銀の魔術師と捕縛の糸

8.暗闇に落とされて 02
しばらくぼんやりとしていて、ふと、自分が寝そべった状態にあることに気付いた。
――起きるか。
重い手足に力を込める。
下はじゃりじゃりと音が鳴る。
ごつごつとしたものも混じっている。
「んっ……」
関節が凝り固まっている。
背骨が鳴る。
やっとの思いで起き上った。
血が行き届かずに、軽いめまいに顔をしかめる。
砂利が敷き詰められた平原だった。
ぼんやりと霞がかっていて、見はらすことはできない。
突然の強い風に、髪が嬲られる。
その風の中に、知ったにおいがあったような気がした。

知ったにおい。
知った音。
知った声――声?

強く眉をひそめた。
不快感が募った。
今のは、確かに知った声だった。

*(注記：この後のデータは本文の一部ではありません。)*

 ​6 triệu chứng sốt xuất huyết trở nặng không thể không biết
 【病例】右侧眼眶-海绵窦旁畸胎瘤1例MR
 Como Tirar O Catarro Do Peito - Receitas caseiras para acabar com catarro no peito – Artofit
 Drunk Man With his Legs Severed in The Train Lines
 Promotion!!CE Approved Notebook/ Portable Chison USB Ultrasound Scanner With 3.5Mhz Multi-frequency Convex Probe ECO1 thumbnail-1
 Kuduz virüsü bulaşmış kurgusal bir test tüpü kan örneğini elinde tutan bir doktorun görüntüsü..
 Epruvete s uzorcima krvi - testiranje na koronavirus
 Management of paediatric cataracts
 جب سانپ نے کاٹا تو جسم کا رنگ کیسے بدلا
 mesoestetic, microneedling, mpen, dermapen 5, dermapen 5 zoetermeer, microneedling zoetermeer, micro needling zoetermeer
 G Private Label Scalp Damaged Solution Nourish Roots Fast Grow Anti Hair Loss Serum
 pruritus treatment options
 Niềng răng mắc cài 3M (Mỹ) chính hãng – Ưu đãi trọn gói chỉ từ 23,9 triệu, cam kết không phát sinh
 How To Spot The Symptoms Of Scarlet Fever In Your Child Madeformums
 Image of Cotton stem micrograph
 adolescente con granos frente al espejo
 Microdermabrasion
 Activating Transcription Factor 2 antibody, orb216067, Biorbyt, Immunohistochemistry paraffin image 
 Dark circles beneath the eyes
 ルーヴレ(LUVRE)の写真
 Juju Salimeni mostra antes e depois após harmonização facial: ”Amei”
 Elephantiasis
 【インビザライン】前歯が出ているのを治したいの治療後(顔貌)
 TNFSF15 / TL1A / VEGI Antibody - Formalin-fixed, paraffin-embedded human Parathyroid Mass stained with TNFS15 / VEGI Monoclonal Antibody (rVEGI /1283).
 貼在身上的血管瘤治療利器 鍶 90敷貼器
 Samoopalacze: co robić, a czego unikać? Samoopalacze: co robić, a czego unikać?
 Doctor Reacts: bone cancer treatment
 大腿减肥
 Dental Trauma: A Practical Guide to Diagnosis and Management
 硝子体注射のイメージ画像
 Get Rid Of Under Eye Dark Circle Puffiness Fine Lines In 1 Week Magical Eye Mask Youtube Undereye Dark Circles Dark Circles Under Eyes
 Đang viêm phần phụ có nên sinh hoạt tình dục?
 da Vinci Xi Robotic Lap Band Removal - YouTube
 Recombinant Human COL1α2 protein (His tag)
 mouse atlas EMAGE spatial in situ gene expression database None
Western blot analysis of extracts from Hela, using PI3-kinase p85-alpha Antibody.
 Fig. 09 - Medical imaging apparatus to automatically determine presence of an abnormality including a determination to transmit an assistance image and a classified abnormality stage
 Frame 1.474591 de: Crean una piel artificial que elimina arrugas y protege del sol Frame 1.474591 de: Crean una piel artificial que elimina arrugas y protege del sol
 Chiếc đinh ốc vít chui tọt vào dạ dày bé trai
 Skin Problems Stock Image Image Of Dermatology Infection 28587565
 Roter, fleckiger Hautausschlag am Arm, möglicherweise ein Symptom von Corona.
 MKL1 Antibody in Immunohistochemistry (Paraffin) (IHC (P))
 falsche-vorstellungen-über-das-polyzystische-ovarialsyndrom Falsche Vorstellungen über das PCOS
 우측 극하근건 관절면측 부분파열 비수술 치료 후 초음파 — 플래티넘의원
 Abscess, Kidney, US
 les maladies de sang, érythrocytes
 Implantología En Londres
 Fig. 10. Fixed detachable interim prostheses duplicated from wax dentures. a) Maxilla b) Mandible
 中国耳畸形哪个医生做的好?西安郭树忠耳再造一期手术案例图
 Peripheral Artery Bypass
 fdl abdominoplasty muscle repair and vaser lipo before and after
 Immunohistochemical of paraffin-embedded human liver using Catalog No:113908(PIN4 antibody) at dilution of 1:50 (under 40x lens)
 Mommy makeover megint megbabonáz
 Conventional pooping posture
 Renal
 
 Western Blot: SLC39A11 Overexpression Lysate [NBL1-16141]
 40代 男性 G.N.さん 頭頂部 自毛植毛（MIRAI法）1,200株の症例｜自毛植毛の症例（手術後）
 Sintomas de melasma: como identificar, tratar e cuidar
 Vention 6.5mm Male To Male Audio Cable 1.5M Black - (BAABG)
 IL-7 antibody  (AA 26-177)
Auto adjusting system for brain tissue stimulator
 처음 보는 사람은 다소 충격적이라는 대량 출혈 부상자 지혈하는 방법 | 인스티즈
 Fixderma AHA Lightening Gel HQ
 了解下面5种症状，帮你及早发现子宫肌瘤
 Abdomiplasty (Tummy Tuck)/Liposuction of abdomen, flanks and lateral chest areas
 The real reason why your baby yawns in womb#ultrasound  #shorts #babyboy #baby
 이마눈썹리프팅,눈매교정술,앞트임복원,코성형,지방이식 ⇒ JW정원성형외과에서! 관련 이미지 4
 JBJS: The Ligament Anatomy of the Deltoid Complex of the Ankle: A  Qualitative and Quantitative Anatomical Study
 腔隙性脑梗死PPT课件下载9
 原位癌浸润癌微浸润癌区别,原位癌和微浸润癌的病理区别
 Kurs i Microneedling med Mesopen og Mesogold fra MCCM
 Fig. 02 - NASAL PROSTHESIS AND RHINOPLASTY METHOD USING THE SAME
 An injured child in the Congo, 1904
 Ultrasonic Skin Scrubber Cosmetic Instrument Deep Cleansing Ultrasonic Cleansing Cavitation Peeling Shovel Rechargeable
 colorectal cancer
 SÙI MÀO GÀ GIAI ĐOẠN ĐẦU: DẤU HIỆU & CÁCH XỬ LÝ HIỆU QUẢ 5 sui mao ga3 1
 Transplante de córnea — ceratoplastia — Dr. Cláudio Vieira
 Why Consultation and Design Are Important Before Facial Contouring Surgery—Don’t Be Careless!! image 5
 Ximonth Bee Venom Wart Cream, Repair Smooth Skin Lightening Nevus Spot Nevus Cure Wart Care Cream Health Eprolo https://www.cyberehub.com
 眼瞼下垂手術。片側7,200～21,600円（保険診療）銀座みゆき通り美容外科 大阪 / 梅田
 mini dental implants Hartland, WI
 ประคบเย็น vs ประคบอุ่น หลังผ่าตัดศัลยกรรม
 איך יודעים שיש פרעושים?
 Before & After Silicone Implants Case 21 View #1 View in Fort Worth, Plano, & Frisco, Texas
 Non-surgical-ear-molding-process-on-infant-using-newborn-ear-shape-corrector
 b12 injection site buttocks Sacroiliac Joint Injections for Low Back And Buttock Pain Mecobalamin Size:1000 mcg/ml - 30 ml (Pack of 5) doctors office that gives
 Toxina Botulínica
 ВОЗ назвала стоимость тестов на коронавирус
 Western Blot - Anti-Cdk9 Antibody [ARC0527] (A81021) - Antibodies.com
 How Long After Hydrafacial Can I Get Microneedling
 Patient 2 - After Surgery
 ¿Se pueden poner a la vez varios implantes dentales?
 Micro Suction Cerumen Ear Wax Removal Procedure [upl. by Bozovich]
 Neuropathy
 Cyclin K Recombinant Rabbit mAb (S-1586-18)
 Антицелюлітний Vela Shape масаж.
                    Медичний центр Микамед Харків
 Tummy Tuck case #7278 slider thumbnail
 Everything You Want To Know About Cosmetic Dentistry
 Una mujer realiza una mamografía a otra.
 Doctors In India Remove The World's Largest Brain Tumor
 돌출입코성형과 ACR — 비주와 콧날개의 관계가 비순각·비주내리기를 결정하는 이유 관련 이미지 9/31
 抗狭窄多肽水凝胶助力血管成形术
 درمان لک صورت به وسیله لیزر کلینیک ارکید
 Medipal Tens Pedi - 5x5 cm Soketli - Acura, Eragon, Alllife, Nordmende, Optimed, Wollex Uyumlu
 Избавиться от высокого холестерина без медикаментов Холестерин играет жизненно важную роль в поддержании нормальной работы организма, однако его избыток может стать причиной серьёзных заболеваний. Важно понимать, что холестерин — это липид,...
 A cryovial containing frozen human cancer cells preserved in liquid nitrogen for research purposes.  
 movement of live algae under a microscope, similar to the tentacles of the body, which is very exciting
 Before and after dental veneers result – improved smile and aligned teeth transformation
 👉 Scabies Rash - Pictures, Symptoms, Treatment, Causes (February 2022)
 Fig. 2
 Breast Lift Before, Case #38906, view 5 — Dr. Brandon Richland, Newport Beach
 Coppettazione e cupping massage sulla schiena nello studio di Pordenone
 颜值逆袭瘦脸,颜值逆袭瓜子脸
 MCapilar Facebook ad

知った声だったがしかし、

――罵倒された?

風上に顔を向ける。
暁光を孕み、薄明るい。

ぎしぎし鳴る膝を押さえて立ち上がる。
道なき道を一歩、踏み出す。
後は勢いだった。
気持ちに勢いがついた。
少し傾斜がついている。
足が重い。持ち上げるのが億劫だ。
それなのに、諦めてはいけないような気がして。
行かなくてはいけないような気がして。
音を立てて、砂利を踏みしだいた。